# Heading to Michigan this weekend



## Schroedc (May 3, 2017)

I'll be heading to Adrian, MI this weekend to do some demos and peddle my wares at this event-

https://www.greatlakeswoodworkingfestival.com/

Not sure what to expect but if anyone is anywhere close and wants to meet up while I'm there, let me know. No cost to get in, some tool giveaways, stuff like that.

@woodtickgreg

Reactions: Like 3


----------



## Nature Man (May 3, 2017)

Best of luck in the show! Chuck

Reactions: Thank You! 1 | Agree 1


----------



## Tony (May 3, 2017)

Looks like a good time, hope you sell out Colin! Tony

Reactions: Agree 1


----------



## woodtickgreg (May 3, 2017)

Awe man, I have plans for the weekend. How late does the show run till on Saturday? Sunday is out for me as I am attending another show and the shows usually pack up early on Sunday. Adrian is about an hour southeast of me. But if i didnt have plans i would go there on sunday just to meat you in person. I might be able to make it on saturday afternoon but it would be late, i have to work till 2. But man i wish i could make this work.


----------



## Schroedc (May 3, 2017)

woodtickgreg said:


> Awe man, I have plans for the weekend. How late does the show run till on Saturday? Sunday is out for me as I am attending another show and the shows usually pack up early on Sunday. Adrian is about an hour southeast of me. But if i didnt have plans i would go there on sunday just to meat you in person. I might be able to make it on saturday afternoon but it would be late, i have to work till 2. But man i wish i could make this work.
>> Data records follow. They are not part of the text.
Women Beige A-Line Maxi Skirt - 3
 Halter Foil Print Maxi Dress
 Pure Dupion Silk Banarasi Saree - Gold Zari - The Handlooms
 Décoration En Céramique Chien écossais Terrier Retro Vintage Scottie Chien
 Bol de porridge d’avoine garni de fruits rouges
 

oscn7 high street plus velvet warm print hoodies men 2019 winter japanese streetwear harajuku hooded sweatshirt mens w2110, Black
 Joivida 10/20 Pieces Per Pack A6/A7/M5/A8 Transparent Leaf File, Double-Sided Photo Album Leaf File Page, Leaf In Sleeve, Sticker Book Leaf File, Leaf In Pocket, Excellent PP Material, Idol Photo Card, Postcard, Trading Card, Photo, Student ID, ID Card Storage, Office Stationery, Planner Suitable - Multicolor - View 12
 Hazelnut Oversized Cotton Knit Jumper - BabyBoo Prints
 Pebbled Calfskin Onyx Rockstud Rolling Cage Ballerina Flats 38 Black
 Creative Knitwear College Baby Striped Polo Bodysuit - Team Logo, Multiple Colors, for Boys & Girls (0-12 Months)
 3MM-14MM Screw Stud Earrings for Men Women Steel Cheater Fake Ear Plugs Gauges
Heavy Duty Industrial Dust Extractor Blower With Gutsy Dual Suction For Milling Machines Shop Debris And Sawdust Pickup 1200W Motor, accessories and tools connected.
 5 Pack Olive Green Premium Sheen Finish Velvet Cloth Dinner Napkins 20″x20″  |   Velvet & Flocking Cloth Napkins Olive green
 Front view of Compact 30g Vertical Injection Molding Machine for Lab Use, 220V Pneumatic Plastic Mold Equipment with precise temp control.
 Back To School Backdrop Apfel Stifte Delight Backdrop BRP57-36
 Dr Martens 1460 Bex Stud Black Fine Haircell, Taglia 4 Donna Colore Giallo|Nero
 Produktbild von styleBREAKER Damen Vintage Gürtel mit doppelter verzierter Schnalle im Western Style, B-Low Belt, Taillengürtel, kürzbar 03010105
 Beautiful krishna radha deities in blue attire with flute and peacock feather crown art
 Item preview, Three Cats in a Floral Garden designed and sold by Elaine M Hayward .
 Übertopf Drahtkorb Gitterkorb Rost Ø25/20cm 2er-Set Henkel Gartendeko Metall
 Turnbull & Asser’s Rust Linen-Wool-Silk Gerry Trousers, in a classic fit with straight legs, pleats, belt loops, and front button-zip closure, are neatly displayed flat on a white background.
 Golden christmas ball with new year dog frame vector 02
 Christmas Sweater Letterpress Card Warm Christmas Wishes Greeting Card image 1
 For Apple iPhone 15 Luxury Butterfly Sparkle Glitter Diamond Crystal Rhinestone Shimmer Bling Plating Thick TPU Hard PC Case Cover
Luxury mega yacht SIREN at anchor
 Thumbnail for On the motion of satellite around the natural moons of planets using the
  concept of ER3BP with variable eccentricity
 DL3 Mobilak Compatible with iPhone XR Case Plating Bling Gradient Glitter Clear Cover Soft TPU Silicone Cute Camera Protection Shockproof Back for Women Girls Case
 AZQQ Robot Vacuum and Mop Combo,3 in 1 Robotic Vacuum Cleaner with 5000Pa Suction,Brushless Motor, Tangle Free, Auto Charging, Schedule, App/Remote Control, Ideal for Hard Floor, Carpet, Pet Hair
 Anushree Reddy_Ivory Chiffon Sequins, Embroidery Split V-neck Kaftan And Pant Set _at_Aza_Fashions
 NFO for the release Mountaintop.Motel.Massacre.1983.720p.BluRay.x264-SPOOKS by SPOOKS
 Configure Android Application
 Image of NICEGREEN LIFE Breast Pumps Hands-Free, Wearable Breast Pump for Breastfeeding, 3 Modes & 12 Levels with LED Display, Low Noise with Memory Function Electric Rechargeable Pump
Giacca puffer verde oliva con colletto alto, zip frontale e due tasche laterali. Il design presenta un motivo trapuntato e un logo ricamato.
The show is Sunday only, I'll be hitting the area Saturday evening some time. If you want to message me your number. We can touch base and maybe meet somewhere Saturday night.


----------



## Tony (May 3, 2017)

Schroedc said:


> The show is Sunday only, I'll be hitting the area Saturday evening some time. If you want to message me your number. We can touch base and maybe meet somewhere Saturday night.



Aren't you taking him that Crescent Bandsaw??

Reactions: Like 1 | Great Post 1 | Funny 3


----------



## woodtickgreg (May 3, 2017)

Hey that sounds good, we can meet for dinner or something. I'll message you my number.


----------



## gman2431 (May 3, 2017)

If the show was Saturday I would come see ya for sure!! 3 hours each way on a Sunday probably isnt gonna happen tho.


----------



## Spinartist (May 3, 2017)

Hope you sell lots of product $$$$


----------